After a Ninth Circuit Court of Appeals panel affirmed the District Court, the full Court of Appeals reversed, declaring the disclosure requirement was facially unconstitutional. The Court determined (1) an officer’s nonconsensual inspection of hotel records was a Fourth Amendment “search” because the relevant business records were the operators’ private property, which afforded them the right to exclude others from reviewing the contents, and (2) the searches authorized by the ordinance were unreasonable because the ordinance authorized inspections of hotel records without giving the operators the chance to “obtain judicial review of the reasonableness of the demand prior to suffering penalties for refusing to comply.” Patel v. City of Los Angeles, 738 F.3d 1058, 1061-1065 (9th Cir. 2013)
The U.S. Supreme Court affirmed the Ninth Circuit’s decision. Writing for the majority, Justice Sonia Sotomayor first rejected the City’s argument that the ordinance could not be subjected to a facial challenge. “A facial challenge is an attack on a statute itself as opposed to a particular application. While such challenges are ‘the most difficult … to mount successfully,’ (citation omitted) … the Court has never held that these claims cannot be brought under any otherwise enforceable provision of the Constitution … Fourth Amendment challenges to statutes authorizing warrantless searches are no exception.”
With regard the disclosure requirement, the Court held that a hotel owner must be afforded an opportunity to have a neutral decision maker review an officer’s demand to search the registry before the owner faces penalties for failing to comply.
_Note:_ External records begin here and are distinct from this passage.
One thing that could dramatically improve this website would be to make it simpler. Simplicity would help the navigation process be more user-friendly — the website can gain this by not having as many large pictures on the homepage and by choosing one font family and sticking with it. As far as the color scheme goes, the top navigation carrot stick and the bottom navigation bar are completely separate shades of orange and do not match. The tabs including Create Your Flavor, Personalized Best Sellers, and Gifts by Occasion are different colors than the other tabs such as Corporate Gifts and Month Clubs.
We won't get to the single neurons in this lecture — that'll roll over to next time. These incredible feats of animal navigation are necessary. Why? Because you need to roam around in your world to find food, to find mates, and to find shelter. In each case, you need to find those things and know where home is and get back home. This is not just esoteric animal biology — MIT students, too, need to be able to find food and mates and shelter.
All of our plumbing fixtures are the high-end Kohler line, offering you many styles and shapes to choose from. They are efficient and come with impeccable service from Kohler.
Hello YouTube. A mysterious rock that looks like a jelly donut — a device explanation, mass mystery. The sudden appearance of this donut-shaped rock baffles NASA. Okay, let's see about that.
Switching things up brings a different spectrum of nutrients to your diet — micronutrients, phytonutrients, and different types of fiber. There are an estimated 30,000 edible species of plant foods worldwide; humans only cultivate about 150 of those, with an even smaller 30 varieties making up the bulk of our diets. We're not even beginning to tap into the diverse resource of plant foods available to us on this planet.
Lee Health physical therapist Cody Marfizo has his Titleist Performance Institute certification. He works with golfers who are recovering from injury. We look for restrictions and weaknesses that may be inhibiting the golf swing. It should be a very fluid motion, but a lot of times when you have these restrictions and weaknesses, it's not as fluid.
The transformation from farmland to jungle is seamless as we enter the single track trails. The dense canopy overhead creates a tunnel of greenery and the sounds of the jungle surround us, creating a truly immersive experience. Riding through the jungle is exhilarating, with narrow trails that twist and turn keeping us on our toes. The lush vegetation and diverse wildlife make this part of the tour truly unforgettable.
Simply stated, the Court found intolerable the notion that (1) a hotel operator could be arrested on the spot for failing to comply with an officer’s demand under the ordinance and (2) that the ordinance could potentially be applied in an abusive manner. “Absent an opportunity for pre-compliance review, the ordinance creates an intolerable risk that searches authorized by it will exceed statutory limits, or be used as a pretext to harass hotel operators and their guests. Even if a hotel has been searched 10 times a day, every day, for three months, without any violation being found, the operator can only refuse to comply with an officer’s demand to turn over the registry at his or her own peril.”
The Court suggested that its ruling was limited. First, the Court’s opinion left untouched the portions of the statute that required hotel operators to maintain guest registries containing certain guest information. The ruling was specifically limited to instances in which a hotel operator refuses to comply with the ordinance as opposed to a ruling; for example, that required pre-compliance review in all instances where the ordinance was being applied. Additionally, the Court reasoned, where an officer reasonably suspected that a hotel operator could tamper with the registry during the pendency of a pre-compliance review, the officer could guard the registry until the required hearing occurs, which, given the general simplicity of an administrative review procedure, should be relatively quick.
In acknowledging the necessity for the decision, the Court pointed out that irrespective of the precise form of the review, the opportunity to obtain pre-compliance review, “…alters the dynamic between the officer and the hotel to be searched, and reduces the risk that officers will use these administrative searches as a pretext to harass business owners.”
While the decision is a win for privacy advocates, hotel and motel operators in Los Angeles should put controls in place to prepare for such a request from Los Angeles Police Department officers. They need to establish a policy or procedure outlining the steps employees should take if faced with such a request, including the process for quickly informing management. Equally important, hotel and motel operators should train their employees regarding the policy or procedure, and how to respond to any such request. If necessary or appropriate, they should challenge the request, because failing to do so in a timely manner could waive any opportunity to object in the future.